I am in the process of building an IP in Brisbane at the moment:). I'm almost positive that I have read on this site (can't find it now) that the interest whilst building is tax deductable as long as your intention for building that property is for rental. I had a discussion with a friend yesterday who is an accountant (not a tax accountant) and she seemed to think that it was not deductable:(.

I'm now confused?

Help appreciated.

Regards

Dan
 
This is an accountant question, so you should ask your accountant specifically, but I know of plenty of people who have claimed the interest and other costs during the construction period of an investment property.
 
Does that mean for example that a loan for a vacant block of land that I have paid interest on for the past three years, (which was always going to be used to build an IP on) is tax deductable, or is it only from the period from when I commence construction?

Cheers,
Phil
 
what if one bought a block of land, claimed interest for 2 years, but then changed plans and sold the block instead of building on it ? the 2 years of interest has already been claimed (and spent!)..
 
Further to this I see now in the PIA software update there is now a section for calculating your holding costs when building - very useful :).

I note that it gives you the option to take the holding costs as an immediate deduction in the first year, or for the costs to be added to the capital cost.

However, in Jan Somers book "More Wealth from Residential Property" it states on page 188 that interest "....may be added as a capital cost until it [the building process] is finished." :confused:

I'm a little confused about this now. I guess I will find out next month when I get my tax done, but happy to hear any of your thoughts?

Regards

Dan
 
what if one bought a block of land, claimed interest for 2 years, but then changed plans and sold the block instead of building on it ? the 2 years of interest has already been claimed (and spent!)..

I asked my friend who is a lawyer for ATO this once (had this same brilliant idea) - no it is NOT deductible and any deduction must be paid back
 
Hi

This what the ATO says on its web site:
... , if you take out a loan to purchase land on which to build a rental property or to finance renovations to a property you intend to rent out, the interest on the loan will be deductible from the time you took the loan out. However, if your intention changes – for example, you decide to use the property for private purposes and you no longer intend to use it to produce rent or other income – you cannot claim the interest after your intention changes.

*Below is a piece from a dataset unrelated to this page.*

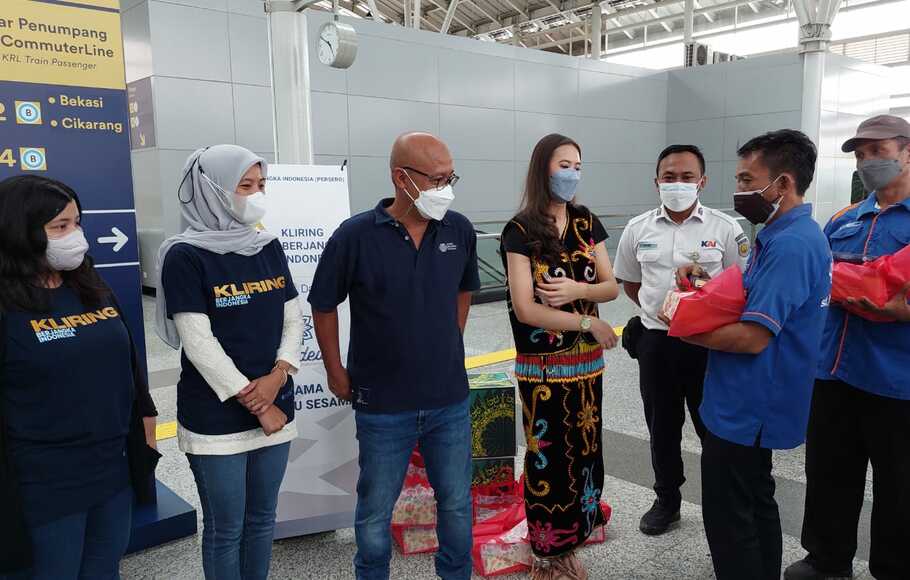 Direktur Utama PT Kliring Berjangka Indonesia, Fajar Wibhiyadi (ketiga dari kiri), Ketua Arkadewi KBI Fuji Dwi Nurfitri (Kedua dari Kiri), tengah menyampaikan paket bantuan kepada para porter di Stasiun Jatinegara, Kamis 21 April 2022.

It doesn´t mention any limit of time. I am assuming two years until the house is completed shoud be a ok period to claim the interest.

Cheers,

Roberto
 
The ability of a taxpayer to claim interest depending on their intention is clear cut for me as an accountant. If you intend to rent it out, deductible.

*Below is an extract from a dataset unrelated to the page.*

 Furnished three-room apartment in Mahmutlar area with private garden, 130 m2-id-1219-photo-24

However, people change their intentions on what they do with the property, which changes the way the GST and interest is claimed. This is very very messy. For example, I have a client that decided to rent out his residential buildings, changed his mind and decided to sell them, then had trouble selling them and decided to rent them out. GST treatment had to change, adjustment periods came into play, the tax treatment changed, yuck what a nightmare.

As soon as you decide to sell a unit, unless you are in the business of buying and selling property the interest ceases to be deductible and is added to the cost base of the property.
 
Reading this:

... , if you take out a loan to purchase land on which to build a rental property or to finance renovations to a property you intend to rent out, the interest on the loan will be deductible from the time you took the loan out. However, if your intention changes – for example, you decide to use the property for private purposes and you no longer intend to use it to produce rent or other income – you cannot claim the interest after your intention changes.

From the ATO, it seems to me that you could claim the two years interest and that you would only have to stop when your intention changed. Is that right?
 
Reading this:
... , if you take out a loan to purchase land on which to build a rental property or to finance renovations to a property you intend to rent out, the interest on the loan will be deductible from the time you took the loan out.
Correct.

..However, if your intention changes – for example, you decide to use the property for private purposes and you no longer intend to use it to produce rent or other income – you cannot claim the interest after your intention changes.
Also correct ..as SOON as your INTENTION changes from income production (..to private use .e.g.) you loose the deductibility.

.. From the ATO, it seems to me that you could claim the two years interest and that you would only have to stop when your intention changed. Is that right?
Yep.. spot on. Say your intentions were to build an IP, then you decided to sell the land. Interest is deductible UNTIL the moment you decide to sell. At that moment your INTENTION ceases to be related to income production ..which is the reason the ( very kind & humane :rolleyes:) ATO is giving you the tax deduction.
( Better have those intentions well documented lads if audited ..letters to accountant, business plans, meetings with agents !!!!!)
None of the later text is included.